James Kirkland

Personal information
- Nickname: Mandingo Warrior
- Born: James Derick Kirkland Austin, Texas, U.S.
- Height: 5 ft 9 in (175 cm)
- Weight: Welterweight; Light middleweight; Middleweight;

Boxing career
- Reach: 70 in (178 cm)
- Stance: Southpaw

Boxing record
- Total fights: 37
- Wins: 34
- Win by KO: 30
- Losses: 3

= James Kirkland (boxer) =

American boxer

James Derick Kirkland is an American professional boxer who held the regional WBO–NABO junior middleweight title in 2008. He was one of boxing's most prominent junior middleweight prospects in the late 2000s and early 2010s, until an 18-month prison stint set his career back significantly. Nicknamed the "Mandingo Warrior", Kirkland is known for being a highly aggressive southpaw pressure fighter with formidable punching power, having scored 88% of his victories via knockout.

==Amateur career==
Kirkland has an amateur record of 134–12 and won the Silver Gloves championship four years in a row and lost on a controversial decision to James Patterson in the finals of the National Golden Gloves.

Instead of going to the Olympics, Kirkland turned professional to provide for his family.

==Professional career==
Kirkland turned professional in August 2001 in San Antonio, Texas. In his debut Kirkland defeated fellow debutant Maurice Chalmers with a third-round knockout. Kirkland has been trained by former women's champion Ann Wolfe since 2001. On November 22, 2008, Kirkland (24–0, 21 KOs) won an 8th round technical knockout versus Brian Vera (16–2, 10 KOs). Kirkland dropped Vera twice in Round 2. On March 7, 2009, Kirkland defeated Joel Julio on HBO's Boxing After Dark at the HP Pavilion in San Jose by TKO after Round 6.

=== Return to boxing ===
On March 5, 2011, Kirkland returned to the ring after an almost 2-year layoff to defeat Ahsandi Gibbs via first-round KO. Two weeks later he stopped Jhon Berrio by 2nd round TKO. Just 3 weeks after that, on April 9, 2011, Kirkland faced Nobuhiro Ishida of Japan, in what was supposed to be a stay-busy fight for Kirkland. However, in a stunning upset, the previously undefeated Kirkland was stopped in the first round by the Japanese fighter, who isn't known for being a big puncher having only 7 KO's in 29 fights, getting knocked down 3 times. After the loss, Kirkland split with trainer Kenny Adams and reunited with Ann Wolfe. Kirkland and Wolfe had broken up after Kirkland went to prison.

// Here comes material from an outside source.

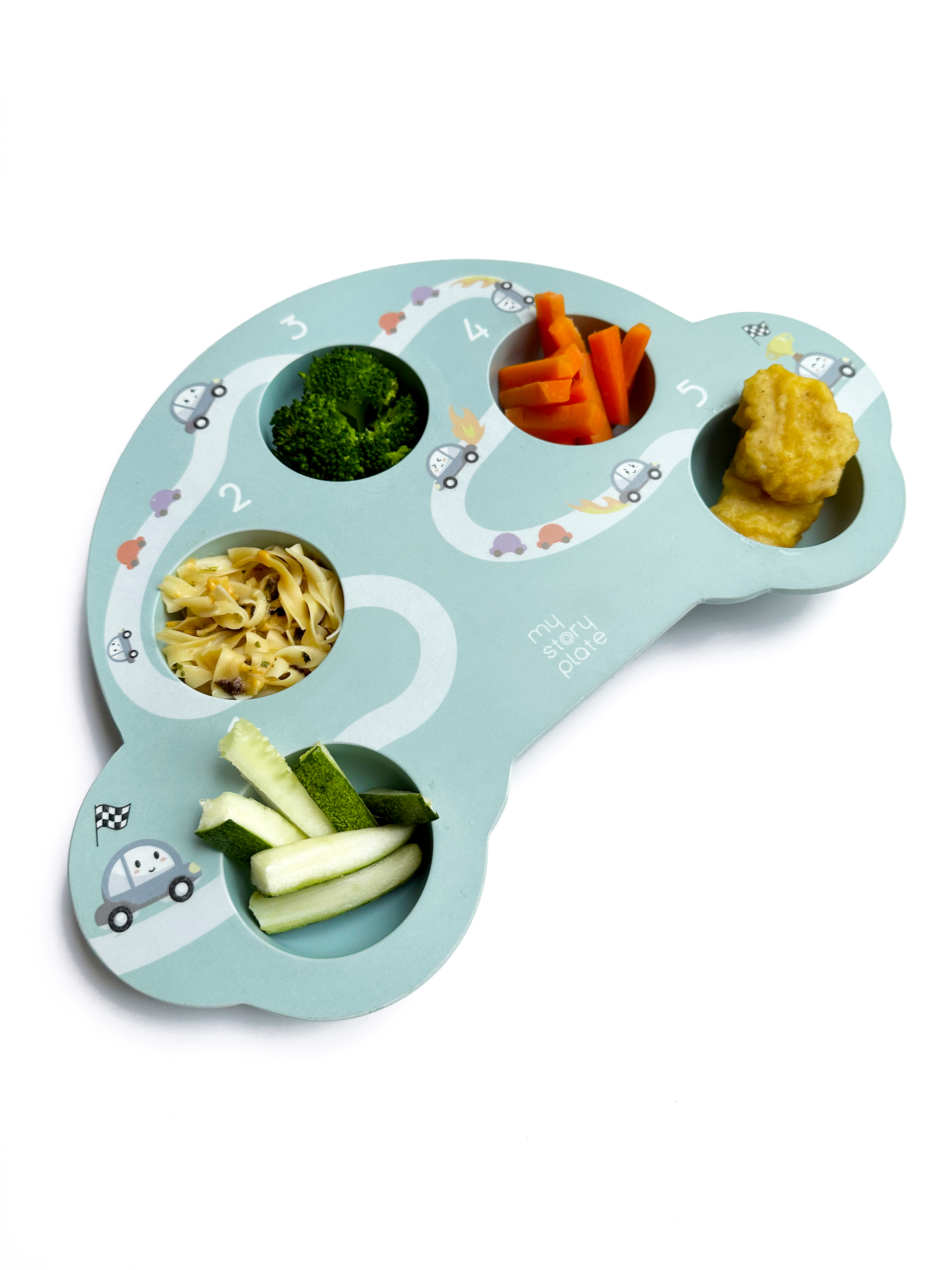 Numbered pods from 1 to 5 to guide kids to eat continuously to finish a meal.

Kirkland came back from his first-round knockout loss to score three knockdowns over Alexis Hloros en route to a second-round knockout. He entered the fight his usual aggression, looking to mix it up immediately and scored two knockdowns in the opening round. First, Hloros went down during a flurry and then he took a knee during another stream of punches.

====Kirkland vs. Angulo====
On November 5, 2011, in a highly exciting fight, Kirkland rose from a first round knockdown to defeat Angulo via 6th-round TKO.

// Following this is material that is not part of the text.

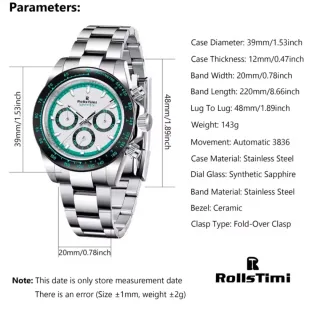 Reloj Automático Hombre RollsTimi Plata/Verde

In addition to his aforementioned victories over Angulo, Kirkland's other notable wins have been against Brian Vera (TKO8), who just lost a controversial decision to Julio César Chávez Jr., Joel Julio (TKO6) and Eromosele Albert (TKO1).

On October 16, 2013, it was announced that Kirkland, has signed with promoter/rap star 50 Cent and his company SMS Promotions and has his next fight lined up.

On December 7, 2013, Kirkland continued his winning ways with a sixth-round TKO of 23-year-old prospect Glen Tapia at the Boardwalk Hall in Atlantic City. In the article, Kirkland was described as 'potentially, the most dominant offensive force in boxing since a prime Mike Tyson'.

====Kirkland vs. Álvarez====

Kirkland fought former Super Welterweight Champion Canelo Álvarez after his decision victory over Erislandy Lara on July 12. The fight took place on May 9 at Minute Maid Park in Houston, Texas with Kirkland losing by KO in 3rd round.

==Outside of boxing==
As of 2009, Kirkland was on probation for an armed robbery conviction in 2003, for which he spent 30 months in prison.

On Sunday, April 19, 2009, Kirkland was stopped in Austin traffic and arrested for possession of a firearm by a felon. On Wednesday, September 23, 2009, Kirkland was sentenced to 24 months in prison after pleading guilty to the firearm charge. Kirkland was released from prison in September 2010 and spent several more months in a halfway house in Austin, Texas.

In June 2013, Kirkland was arrested for assault causing bodily injury and family violence. In 2016 he was again arrested, this time for failing to pay child support.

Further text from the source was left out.